To me its a myth dry food is better, it can be harder for tums to digest.

I'd also be warey about Natures Menu. It gave my Westie the runs, something cronic.

He's now on Wainwrights Wet, with a small handfull of Royal Canin for added crunch.

Something to also bear in mind is that a tin of sardines once a week can work wonders for their skin!


----------



## SlingDash (Jul 30, 2010)

> Something to also bear in mind is that a tin of sardines once a week can work wonders for their skin!


Absolutely - ours LOVE them!

They're only 34p/tin in our local TESCO (in oil - not tomato sauce), so ours get lots! :thumbup:


----------



## silverbeetle (Jul 17, 2009)

Our westie freddie is on Wainwrights wet - lamb flavour which he absolutely adores - woofs back his bowl in no time. 
He will not eat dried food at all so is on completely wet food. He is a good weight and has lovely coat. 
We also give him an evening primrose oil capsule every other day in his food for his skin.


----------



## CazStewart (Dec 3, 2010)

We were recommended to change our usual brand of dry dog food to "Symply" as it contains no cereal and is 100% natural.

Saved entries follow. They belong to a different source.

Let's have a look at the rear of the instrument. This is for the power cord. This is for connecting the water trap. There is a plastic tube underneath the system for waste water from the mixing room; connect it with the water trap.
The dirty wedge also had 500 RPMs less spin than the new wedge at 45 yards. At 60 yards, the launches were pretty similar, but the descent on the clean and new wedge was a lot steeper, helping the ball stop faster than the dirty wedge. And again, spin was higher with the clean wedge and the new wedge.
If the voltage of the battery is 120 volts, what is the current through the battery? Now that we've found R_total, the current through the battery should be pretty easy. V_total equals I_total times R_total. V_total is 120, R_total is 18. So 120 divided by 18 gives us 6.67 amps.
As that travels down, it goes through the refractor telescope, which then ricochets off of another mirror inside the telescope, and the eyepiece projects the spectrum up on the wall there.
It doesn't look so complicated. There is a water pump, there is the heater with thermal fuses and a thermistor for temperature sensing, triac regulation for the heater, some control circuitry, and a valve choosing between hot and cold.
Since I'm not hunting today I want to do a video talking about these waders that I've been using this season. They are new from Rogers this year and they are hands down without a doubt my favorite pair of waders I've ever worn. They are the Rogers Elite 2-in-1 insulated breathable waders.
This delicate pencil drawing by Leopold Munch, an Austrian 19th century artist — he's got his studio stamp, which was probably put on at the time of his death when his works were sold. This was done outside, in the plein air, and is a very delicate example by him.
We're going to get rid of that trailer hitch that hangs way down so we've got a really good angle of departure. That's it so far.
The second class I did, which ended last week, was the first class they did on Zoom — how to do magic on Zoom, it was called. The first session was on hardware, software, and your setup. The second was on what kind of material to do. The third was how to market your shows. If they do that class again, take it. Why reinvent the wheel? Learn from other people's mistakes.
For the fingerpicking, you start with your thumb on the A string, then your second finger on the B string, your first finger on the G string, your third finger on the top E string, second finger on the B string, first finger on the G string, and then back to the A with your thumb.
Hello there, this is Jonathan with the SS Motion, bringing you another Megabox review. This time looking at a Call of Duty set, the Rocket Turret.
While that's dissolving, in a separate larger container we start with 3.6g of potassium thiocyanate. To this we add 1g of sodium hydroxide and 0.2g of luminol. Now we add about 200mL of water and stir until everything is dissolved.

Our Westie has been suffering from skin problems throughout the last year (he's 11) and has been on steroids and other tablets, which help the symptoms, but cannot cure.

We were told that the high level of cereal in our supermarket brand of dog food was probably making his skin worse and to switch to a more natural brand.

Natural dog food from Symply - only healthy, natural ingredients.

It is only Day 3 so far, but with a bit of encouragement (such as cutting up a cocktail sausage into his "new" food to help him to eat the lot), he seems to have made the switch really well.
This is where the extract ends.